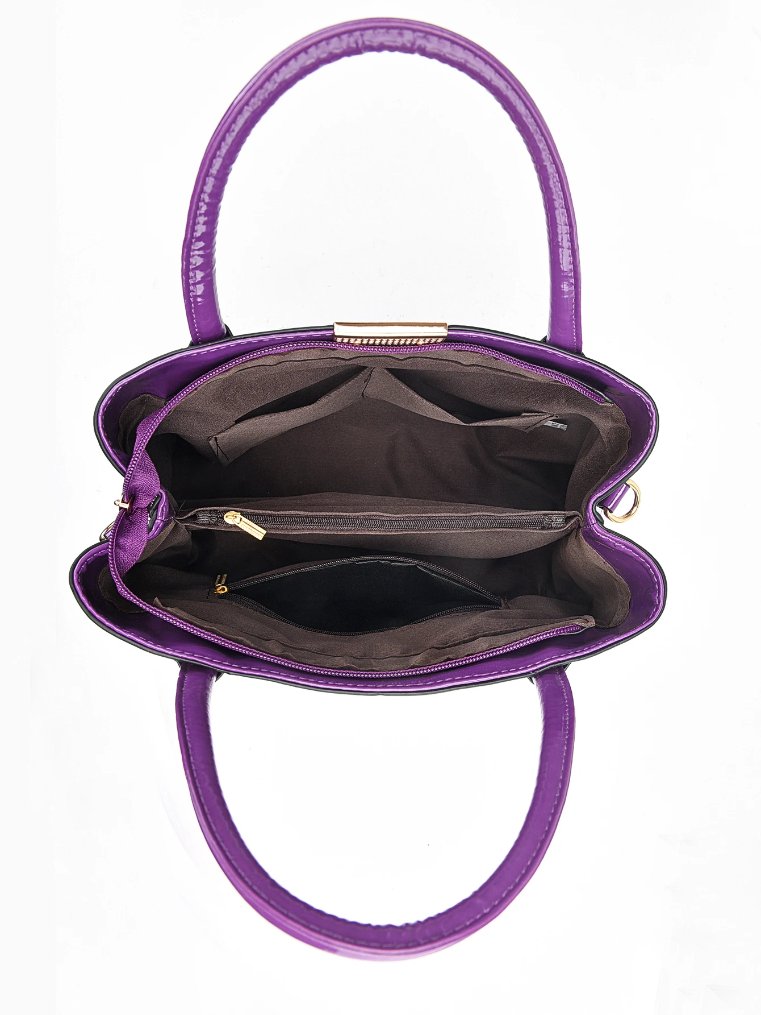 Interior view of purple Marlow croc embossed satchel bag showing lined compartments, pockets and zip sections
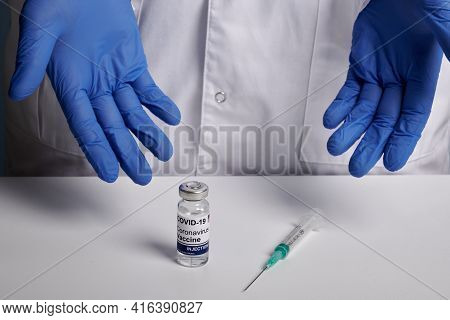 Doctor Presents Covid Vaccine And Syringe. Hospital Medic Man Offers To Take Vaccine Inoculation Aga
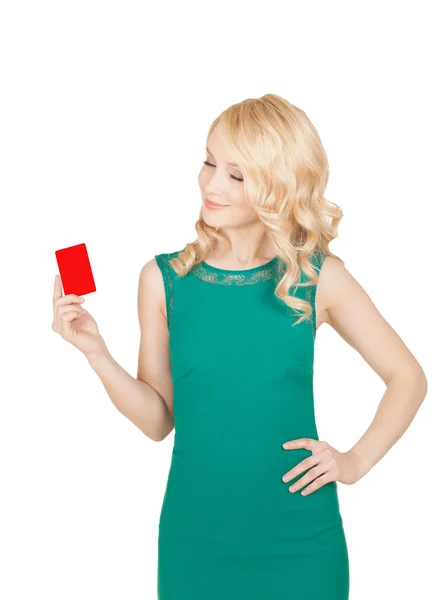 Beautiful blonde in a green dress holds a card — Stock Photo, Image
==*==
[What the exercise asks]: Your copy should match the material above exactly, minus its pictures.

[Task answer]:
 Interior view of purple Marlow croc embossed satchel bag showing lined compartments, pockets and zip sections
 Doctor Presents Covid Vaccine And Syringe. Hospital Medic Man Offers To Take Vaccine Inoculation Aga
 Beautiful blonde in a green dress holds a card — Stock Photo, Image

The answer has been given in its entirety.